• _SUPPLIED RECORDS_
━━━━━━━━━━━━━━━━

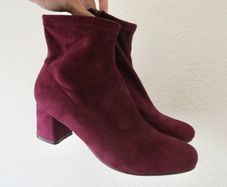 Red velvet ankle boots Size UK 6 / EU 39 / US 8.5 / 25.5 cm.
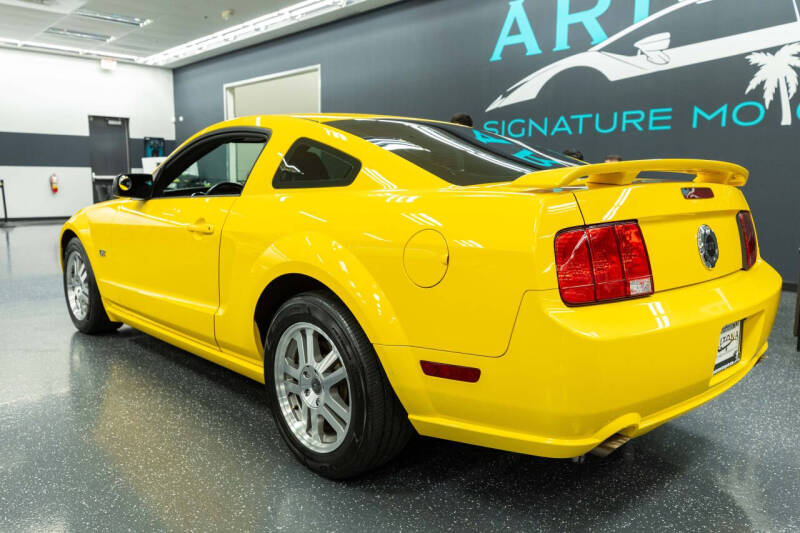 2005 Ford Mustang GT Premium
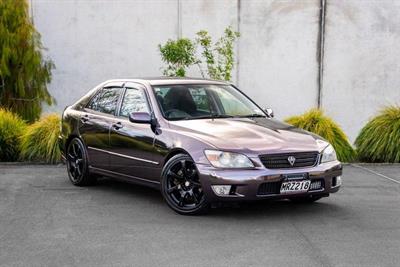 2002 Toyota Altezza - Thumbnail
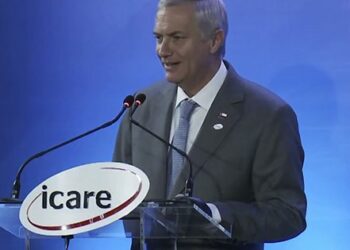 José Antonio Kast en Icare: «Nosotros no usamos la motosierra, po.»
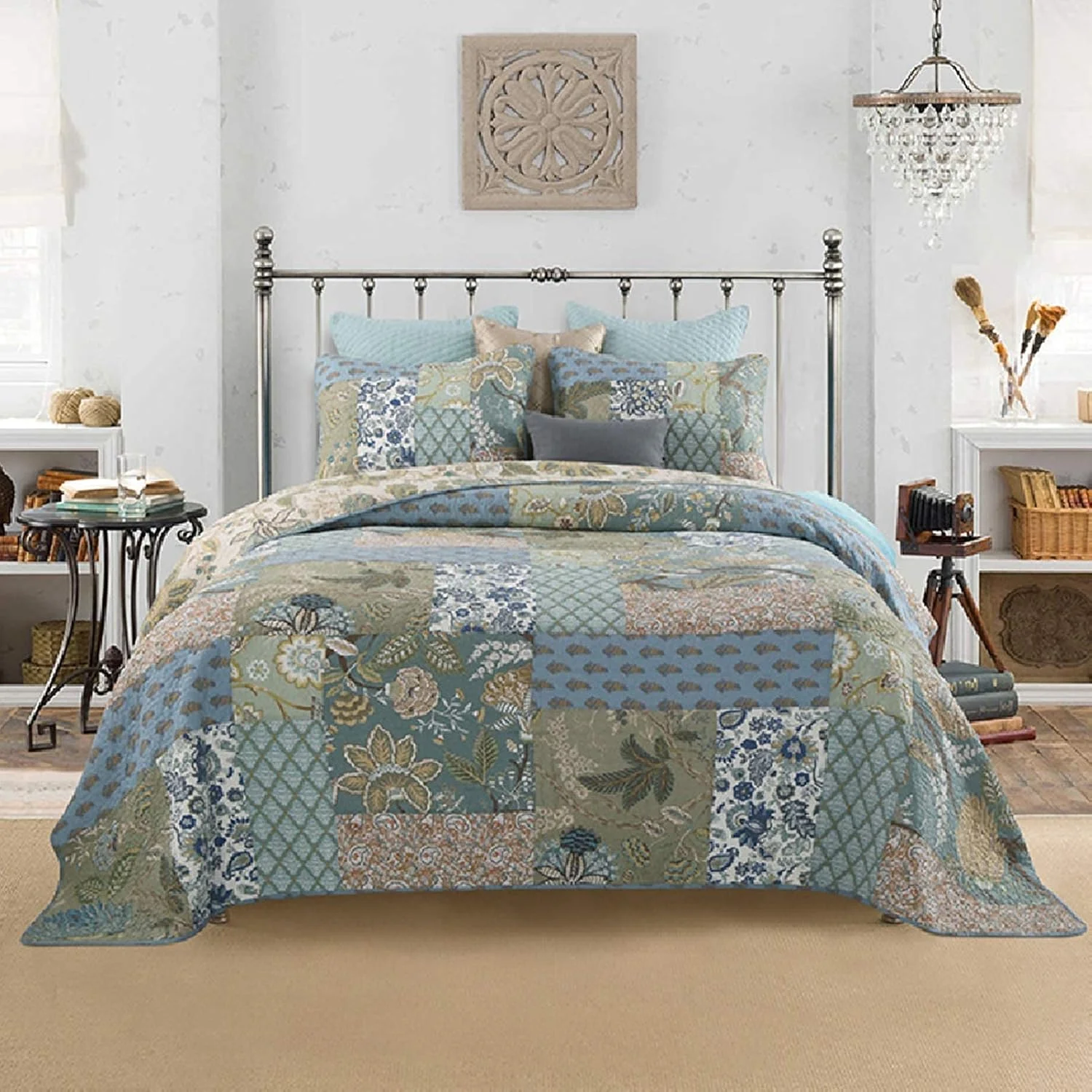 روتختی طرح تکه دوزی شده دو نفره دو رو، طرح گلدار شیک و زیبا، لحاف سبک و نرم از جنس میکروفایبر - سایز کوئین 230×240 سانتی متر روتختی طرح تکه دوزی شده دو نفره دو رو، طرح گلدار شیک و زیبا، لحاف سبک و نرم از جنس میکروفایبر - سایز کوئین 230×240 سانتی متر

━━━━━━━━━━━━━━━━

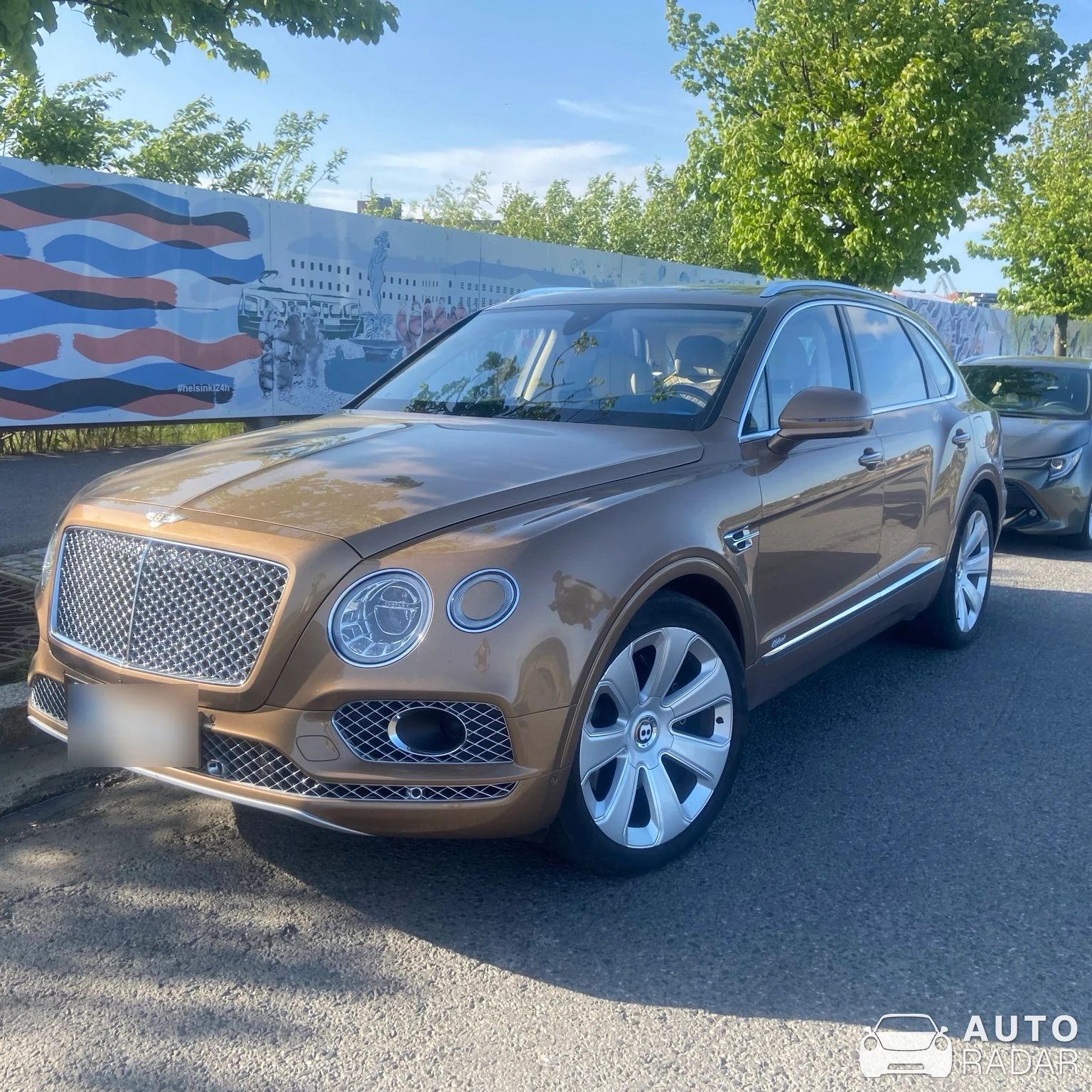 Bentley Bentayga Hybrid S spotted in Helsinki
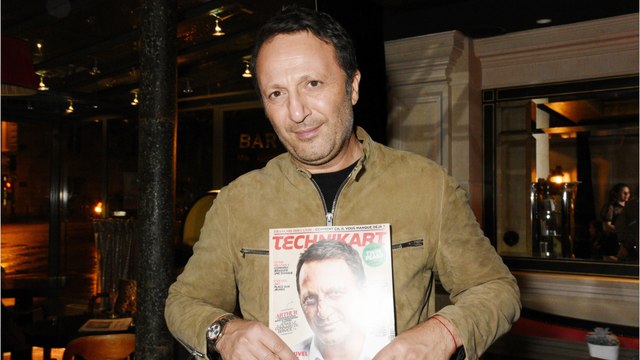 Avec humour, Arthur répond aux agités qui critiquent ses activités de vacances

━━━━━━━━━━━━━━━━

• _WHAT IS BEING ASKED_
In the records above, find the line containing "Bentley Bentayga Hybrid" and the line containing "Avec humour, Arthur", then give both of them again word for word along with every line between. Omit any pictures.

• _TASK RESPONSE_
 Bentley Bentayga Hybrid S spotted in Helsinki
 Avec humour, Arthur répond aux agités qui critiquent ses activités de vacances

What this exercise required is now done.